What is needed is an exact copy of the entries below, with every picture left out.

[Captioned web image data]
* * * * *

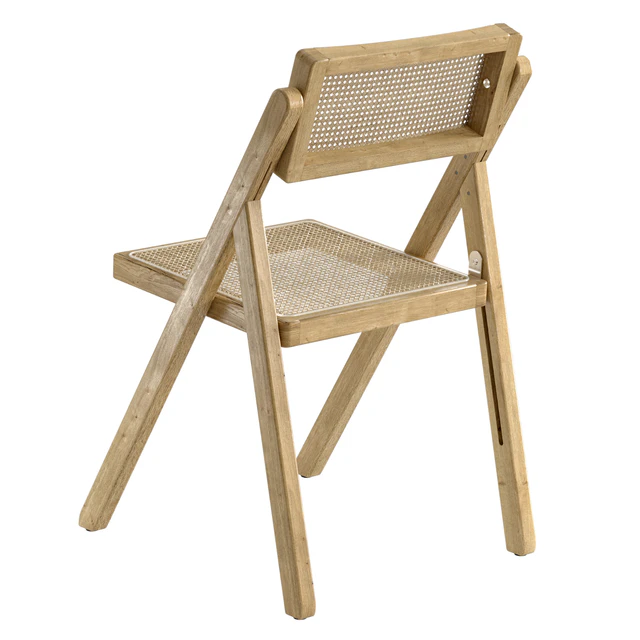 Chair Ritter Divan.ru — Descargar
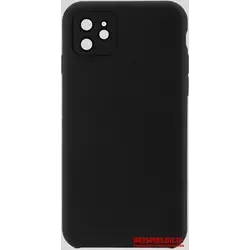 Peter Jäckel CAMERA PROTECT COVER Motorola Moto G13/ G23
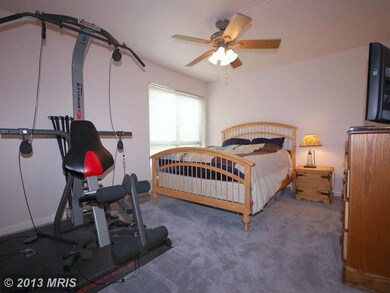 17820 Buehler Rd unit 176, Olney, MD 20832 - photo 5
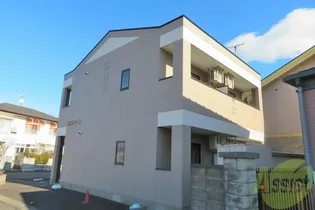 コンフォールの画像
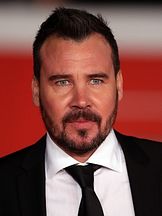 Rinat Khismatouline'un fotoğrafi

* * * * *

Problem solution:
 Chair Ritter Divan.ru — Descargar
 Peter Jäckel CAMERA PROTECT COVER Motorola Moto G13/ G23
 17820 Buehler Rd unit 176, Olney, MD 20832 - photo 5
 コンフォールの画像
 Rinat Khismatouline'un fotoğrafi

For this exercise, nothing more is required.